Lo que gritaban los negros en el barco era «beaucoup» (mucho), una simple palabra francesa en la que me pareció que vibraba el rencor de los infiernos.
En Martinica tardaron tanto en abordar el Auriga que tuvimos tiempo de presenciar un partido de fútbol, lo que provocó que los pasajeros italianos juraran amotínarse si no llegaban a Nápoles antes del Viernes Santo. En medio del tumulto y los gritos vi que el capitán palidecía y le temblaban las manos.
¡Pero lo verdaderamente aterrador fue presenciar a bordo el escalofrío que produce la muerte en el mar que vieron mis propios ojos! Todos nos despertamos asustados y mareados porque el barco poniendo a sonar la estridente sirena de alarma, daba vueltas sobre sí mismo, en círculos incesantes y nos enteramos de que un pasajero se había lanzado al mar en mitad de la noche y al subir a cubierta vi el terrible y aparatoso espectáculo de la búsqueda de la muerte en la tenebrosa oscuridad.
El capitán, obligado por las leyes del mar, ordenó que el Auriga con unos potentes faros encendidos girase una y otra vez iluminando las oscuras aguas en un descomunal e inútil esfuerzo por encontrar un cuerpo italiano hundido en el mar. Un barco a lo lejos hizo dramáticas señales solidarias y resultaba algo mágico e irreal aquel diálogo de blancas y potentes luces fraternizando en medio de la tragedia.
Un hermano del suicida dio a conocer que il fratello padecía una grave enfermedad terminal y deseaba morir en su ciudad natal, pero la demora causada por los «voluntarios» de Guadalupe y Martinica lo impulsó a lanzarse al abismo de aquella noche y dejar allí lo que le quedaba de vida. El capitán, a regañadientes, decidió suspender la búsqueda insólita y tenaz, y yo fascinado por la desconcertante circunstancia de un barco dando vueltas en plena noche; alucinado por la intensa luz de los proyectores, heridos mis oídos por el estentóreo ulular de los altavoces y consternado por la funesta presencia del mar convertido al mismo tiempo en mortaja y ataúd, no podía creer que estuviese protagonizando mi propio estupor en un lúgubre escenario oceánico. Y el italiano, enfermo de su propia muerte, quedó allí para siempre hundido en el mar.
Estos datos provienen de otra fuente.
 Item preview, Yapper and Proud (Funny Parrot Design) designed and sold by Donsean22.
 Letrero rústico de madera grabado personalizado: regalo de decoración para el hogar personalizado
Días mas tarde, la dulce anciana venezolana me dio a leer lo que había escrito: «¡Pobre hombre! ¡Voluntariamente se perdió en el Atlántico océano! ¡Emprendió a conciencia un viaje sin boleto de regreso!».
¡Admiro el mar, pero desde lejos! y aplaudí a Manuela, la hija de Vicente Huidobro, cuando escribió el epitafio de su padre: «¡Aquí yace el poeta Vicente Huidobro. Abrid su tumba. Debajo de la tumba está el mar».
Pero cuando me tocó enfrentar a la muerte a bordo del Auriga, sabía por qué fue Federico García Lorca quien me advirtió al llorar por la muerte del torero Ignacio Sánchez Mejías… ¡que también se muere el mar!